Porque las banderas no son más que terceros apellidos—.

P. Village —Caledonian Chronicle
Estación London-JH.CMDN
24.08.34

8.9.12

El atardecer bermelho de Nazaré.


         (…) Y ahora me veo en Nazaré, Portugal, disfrutando de quizá el mejor atardecer de mi vida en el paseo marítimo con el sol alto y bermelho y una Super Bock bien fría. Ayer cogí el autobús de cinco horas y media Oviedo – Madrid con un chófer despreocupado y tan sólo una mochila con algo de ropa y mi pequeño saco de tela de paracaídas heredado. Cogí el tren de Méndez Álvaro a Villalba, donde me recogerían Angélica y Tania con un Fiat Punto tatuado con “Las judías que riegas son las judías que crecen” lleno de aparejos de acampada y el perro Cosmos y la perra Wanda. Pensaba que me llevarían a Segovia para salir al día siguiente hacia mi obrigada Lisboa, pero cuál es mi sorpresa cuando ponemos rumbo oeste con destino Leiria. —Las carreteras hacia la Libertad Absoluta siempre van hacia el Oeste.
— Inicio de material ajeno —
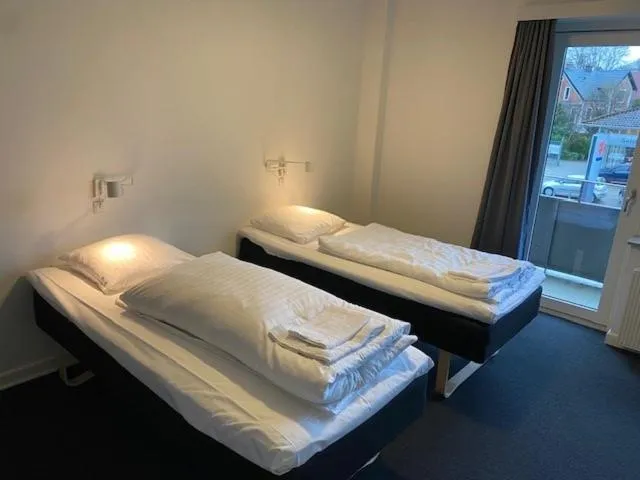 Bed in Hotel-B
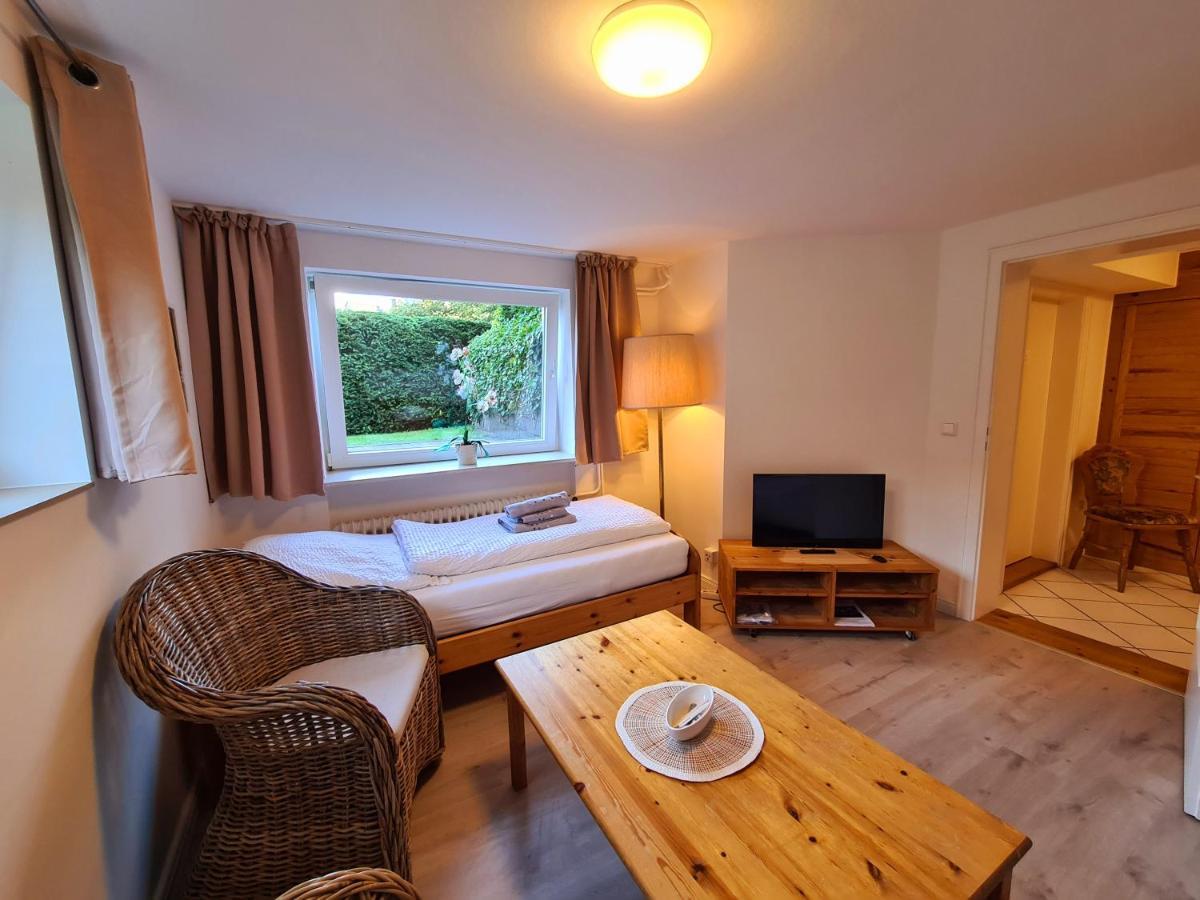 Apartament Sleep & Go Flensburg Zewnętrze zdjęcie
         Nos detuvimos pasadas unas horas, en algún lugar de la provincia de Toledo, salimos de la carretera y montamos la tienda en un descampado reseco, con una luna casi plena que nos bañaba en una irreal luz azul onírico. Juntamos palos secos y rastrojos y encendimos una pequeña hoguera donde calentamos pan blanco con aceite y unas rodajas de tomate. Angélica se acostó pronto, y Tania y yo charlamos y contamos estrellas que parpadeaban en guiños de plata tan lejanos. Hablamos también de nuestros náufragos y de nuestros principitos. No dormí demasiado en el duro suelo, nervioso por los pasos de los fantasmas que hacían crepitar la hierba seca.
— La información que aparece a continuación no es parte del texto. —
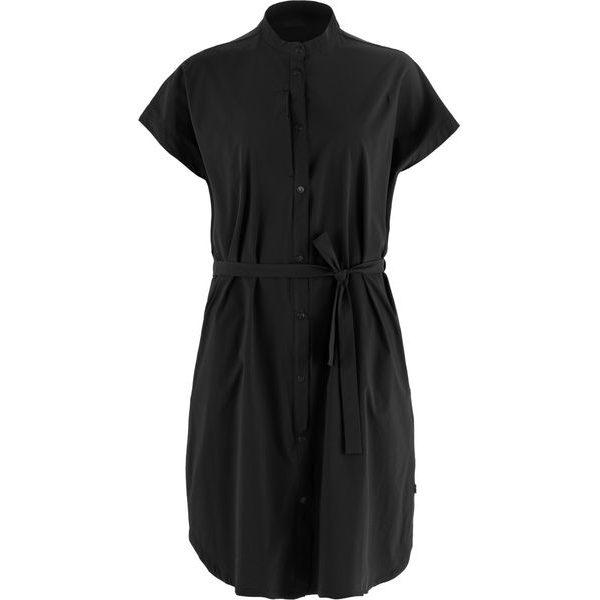 Abisko Fjäll Dress W Black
         Amanecimos temprano y repetimos el menú de anoche para ponernos enseguida en marcha, no sin antes ser descubiertos por un paisano con mono azul de trabajo advirtiéndonos de que habíamos acampado en reserva natural.
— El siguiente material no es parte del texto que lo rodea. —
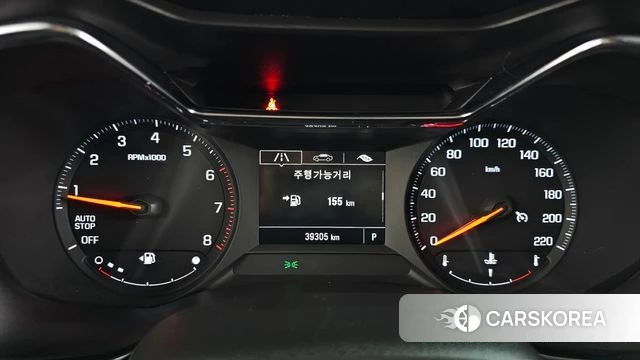 Chevrolet (GM Daewoo) Trailblazer id 3915252 из Кореи 15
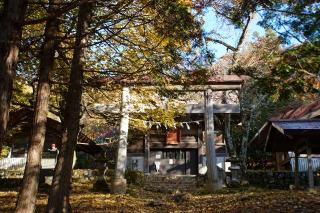 武甲山御嶽神社の参拝記録(thonglor17さん)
         Y el día transcurrió en la carretera, eufórico como sólo se está cuando uno se desplaza sin saber a dónde va a ir a parar, justo como un canto rodado, cruzando la provincia de Cáceres con escala en Moraleja, y a lo ancho de Portugal pasando por Fátima hasta este cielo púrpura que hace que el Atlántico se sonroje.


                   —Con la mirada perdida en el encuentro de cielo y mar, bien despacito, parece que sentimos toda la Tierra rodar.